Background information
- Also known as: Ms. Lynch (2006–2009)
- Born: Dublin, Ireland
- Genres: Pop; electropop;
- Years active: 2006–2012
- Labels: Ceol
- Spinoff of: B*Witched
- Past members: Edele Lynch Keavy Lynch

= Barbarellas =

Irish pop duo

Barbarellas (previously known as Ms. Lynch) were an Irish pop duo, consisting of twins Edele and Keavy Lynch (born 15 December 1979), former members of pop girl group B*Witched. The duo were signed to Ceol Music, and released their debut album Night Mode in 2011.

==History==
After B*Witched split, in 2002, Edele worked as a songwriter with the Xenomania production team, co-writing tracks for Girls Aloud and Sugababes, while Keavy established an Irish music production company called Ziiiing. From 2006 until 2009, the Lynch twins performed live in festivals and night clubs as Ms. Lynch, as well as posting several demos on their MySpace page.
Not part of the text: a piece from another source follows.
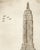 Realism "The Old and the New" (Empire State Building) 1939 Etching by Anton Schutz For Sale - Image 3 of 7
In 2010 they renamed the duo as Barbarellas and, on 19 January 2011, the duo's debut single "Body Rock" was released, produced by Yoad Nevo, and remixed by Manhattan Clique and Riffs&Rays. Popjustice called the song "basically a completely amazing chorus with some slightly less amazing other stuff thrown in". Their second single, "Night Mode" (originally titled "Diet Coke"), was released on 10 April 2011 to a mixed reaction from fans, who criticised the change from "Diet Coke" to "Night Mode". The duo's debut album Night Mode was released on 17 April 2011 to a mixed reception from critics, and like the singles, did not appear in the Top 100. The duo ended in October 2012 when it was announced that B*Witched would reunite.

==Discography==
===Studio albums===

List of albums, with selected chart positions
| Title | Album details |
|---|---|
| Night Mode | Released 17 April 2011; Label: Ceol Music; Formats: CD, digital download; |

===Singles===

| Title | Year | Album |
| "Body Rock" | 2011 | Night Mode |
"Night Mode"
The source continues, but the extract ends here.